One unique feature in our approach is the manner in which the MT system handles Restrictive Relative clauses (such as #1 below).

  • 1. The lawyer advised the man bitten by the dog in the park not to sue the city.
  • Our Deep Parser has been specifically designed to identify Gaps and their Fillers. Using this information, complex sentences such as #1 can be split into a corresponding set of simpler sentences (see #1a, 1b below).

  • 1a. A man was bitten by the dog in the park.
  • 1b. The lawyer advised that man not to sue the city.
  • Now, each of these simpler sentences can be translated reasonably well. The syntactic complexity of the resultant set of sentences in Hindi is significantly lower, making it more 'accessible'. It must also be kept in mind that long Restrictive Relative clauses are even more complex in Hindi, due in part to its Subject-Object-Verb (SOV) word order.

    Another feature is the high-quality information that the Deep Parser provides to the MT system to enable it correctly handle the complexities of Case, Number, Gender, and Aspect in Hindi.

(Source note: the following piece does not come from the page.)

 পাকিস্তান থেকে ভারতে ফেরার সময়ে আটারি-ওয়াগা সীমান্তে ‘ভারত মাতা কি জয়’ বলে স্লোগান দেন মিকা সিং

    As mentioned previously, if the syntactic parsing of the input sentence (English) is wrong, the resulting translation will usually be unacceptable. However, the highly scalable Statistical Deep Parsers available in the public domain today are designed to accept conversational fragments (i.e. 'ungrammatical' sentences); they do not check for conformance with the rules of grammar. This approach has a significant impact on a number of downstream applications (such as Machine Translation and Text-To-Speech) that are crucially dependent on the parse-tree generated by the Deep Parser. Our approach is different; we follow Chomsky's Government & Binding Theory[1][2][3][4][5][6][7][8] to identify analyses that may be flawed. We do not attempt to translate sentences whose parse-trees fail this test, thereby avoiding egregious errors in translation. As a result, several sentences will not be translated (including sentences that are 'ungrammatical', as well as highly complex sentences that could not be parsed), but that is in line with our design philosophy that values correctness far higher than speed or scalability. However, note that even this test is not sufficient for ambiguous structures. For example, in sentence #1, it is not immediately clear whether 'the lawyer advised the man in the park' or 'the dog bit the man in the park'. Hence, we could have two well-formed parse-trees that correspond to the above two analyses. The Deep Parser needs more information to figure out whether to attach the Preposition Phrase 'in the park' to the higher clause or the lower clause. This information must be provided by a 'reasoning-about-the-world' module i.e. by reasoning that lawyers do not usually advise clients in parks, while dogs occasionally bite people in parks. Our Deep Parser does not include such a 'reasoning-about-the-world' module, and therefore cannot always handle such ambiguous structures correctly.


    References

    1. [Chomsky1980a] Chomsky N.. On Binding. Linguistic Inquiry. 1980;11:1-46.
    2. [Chomsky1980b] Chomsky N.. Rules and Representations. New York: Columbia University Press; 1980.
    3. [Chomsky1981] Chomsky N.. Lectures on Government and Binding: The Pisa lectures. Seventh 1993 ed. Berlin; New York: Mouton de Gruyter; 1981.
    4. [Chomsky1981b] Chomsky N.. Principles and Parameters in syntactic theory. In: Hornstein N., Lightfoot D., editors. Explanations in Linguistics. London: Longman; 1981.
    5. [Chomsky1982] Chomsky N.. Some consequences of the Theory of Government and Binding. Vol Linguistic Inquiry Monograph 6. Cambridge, MA: MIT Press; 1982.
    6. [Chomsky1986] Chomsky N.. Barriers. Vol Linguistic Inquiry Monograph 13. Cambridge, MA: MIT Press; 1986.
    7. [Chomsky1995] Chomsky N.. The Minimalist Program. Cambridge, MA: MIT Press; 1995.
    8. [Chomsky2000] Chomsky N.. New horizons in the study of language and mind. Cambridge, UK: Cambridge University Press; 2000.